Peter L. Zimroth, best known to many in the NYU Law community as the inaugural director of the Center on Civil Justice (CCJ) and as a well-respected adjunct professor, passed away on November 7, 2021.
From 1990 to 2015, Zimroth was a partner at Arnold & Porter, and in 2013 he was named the court-appointed independent monitor in the stop-and-frisk litigation involving the New York Police Department. He became the CCJ’s director in 2014. Last month, NYU Law celebrated the renaming of its Center on the Administration of Criminal Law as the Peter L. Zimroth Center on the Administration of Criminal Law, reflecting Zimroth’s generosity and partnership.
Early in his legal career, Zimroth served as an assistant US attorney for the Southern District of New York before joining the faculty at NYU Law, teaching federal courts, criminal law, and criminal procedure. He earned his JD from Yale Law School, where he was editor-in-chief of the Yale Law Journal. Immediately following his graduation, Zimroth clerked for Chief Judge David L. Bazelon of the US Court of Appeals for the District of Columbia Circuit, and then for Justice Abe Fortas of the US Supreme Court.

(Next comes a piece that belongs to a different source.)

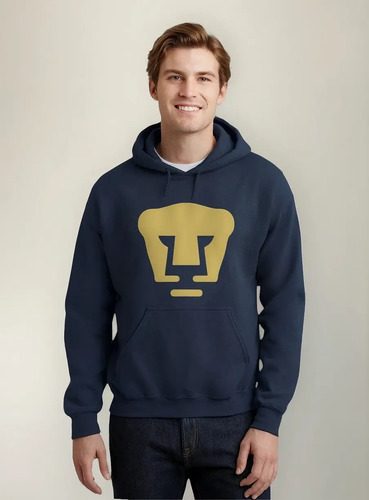 Sudadera Pumas Unam Deportiva Hombre Hoodie Logo Doradovinil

In 1974, Zimroth published Perversions of Justice, a book about political trials in the United States during the late 1960s and early 1970s. The following year he joined the Manhattan District Attorney’s Office as chief of the Appeals Bureau. From 1977 to 1980, Zimroth served as chief assistant district attorney in Manhattan. He entered private practice at Kostelanetz & Ritholz, where he was a partner until 1987, and then served as New York City’s corporation counsel from 1987 to 1989. In that role, he oversaw economic development projects, city contract policies, law enforcement, transportation, legislation, and a host of other issues. His vision for the city’s law on public financing of elections became a model for municipalities nationwide. A champion of public service who believed in the law as a tool for social good, Zimroth argued before the Supreme Court to uphold New York City’s law barring discrimination against women in private clubs and challenged the US Census’s undercounting of minorities in New York.
“Peter was a brilliant lawyer dedicated to public service and to this institution, as well as a beloved colleague and friend,” said Dean Trevor Morrison. “His legacy will endure through both the work he did during his lifetime and the ongoing mission of the center named in his honor.”